Arranged marriages are not like that – you go into the “date” with a binary possibility in mind – you either settle into a long-term gene-propagating relationship with this person or you wish you never encounter them in life again. There is simply no range, or room for any range.

Job interviews in an arranged sense are like that. You either get the job or you don’t – there is one midpoint, though, where things don’t temporarily work out but you keep open the possibility of working together at a later date. This, however, is an incredibly rare occurrence – the outcome is usually binary.

It’s possible I’m even thinking about this “love jobs” scenario because I’ve been consulting for the last 8 odd years now. In all this time I’ve met several people, and the great part of this has been that the first meeting usually happens without any expectations – both parties are open to a range of possibilities.

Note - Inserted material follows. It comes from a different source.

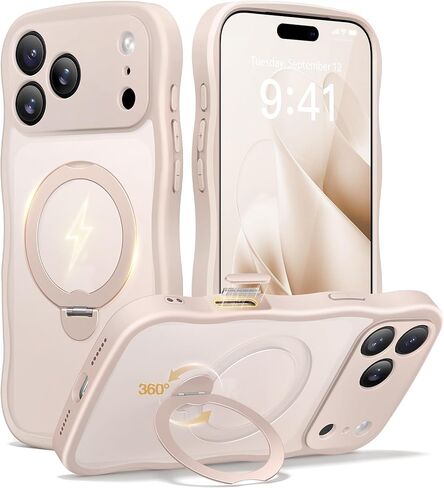 حافظة CAPRARO لهاتف iPhone 17 Pro Max مع حامل مغناطيسي يدور 360 درجة للنساء، [متوافقة مع MagSafe] [حماية كاملة للكاميرا] حافظة غير لامعة شفافة مموجة لهاتف iPhone 17 Pro Max، ذهبي وردي in Kuwait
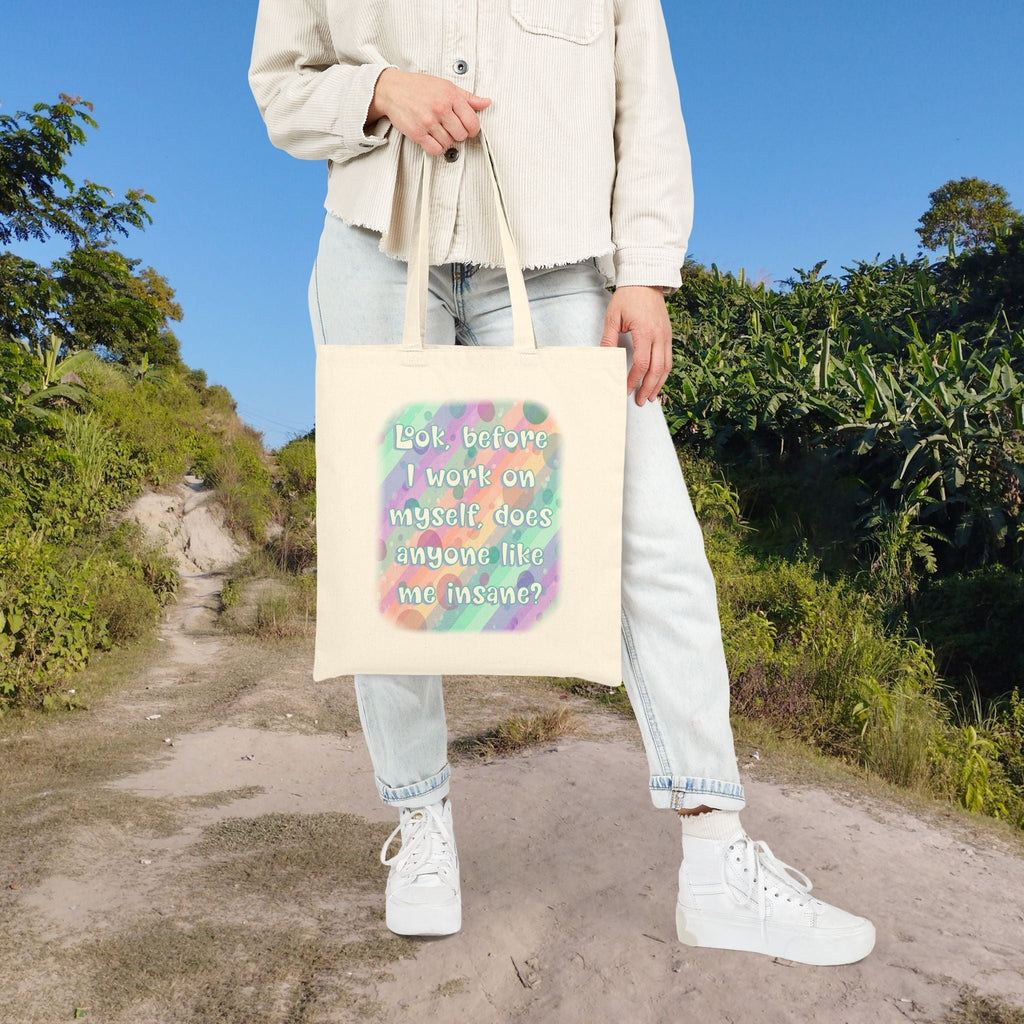 Bespattered Facade Rainbow "Self Improvement" Canvas Tote Bag Reusable Carryall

Some people I’ve met have tried to hire me (for a job). Some have become friends. Some have given me gigs, some several. Some have first given me gigs and then become friends. Others have asked me to write recommendation letters. Yet others have become partners. And so on.

And this has sort of “spoilt” me into believing that a job can be found through this kind of a “love process” where a range of possibilities is open upon the first meeting itself. And when people try to propose the arranged route (“once we start this process we expect to hire you in a week”) I’ve chickened out.

Thinking about it, that’s how a lot of hiring works. Except maybe for the handful of employers which are infamous for long interview processes (I love those proceses, btw), I guess most of the “industry” is all about arranged jobs.

And maybe that’s why so few people “love” their jobs!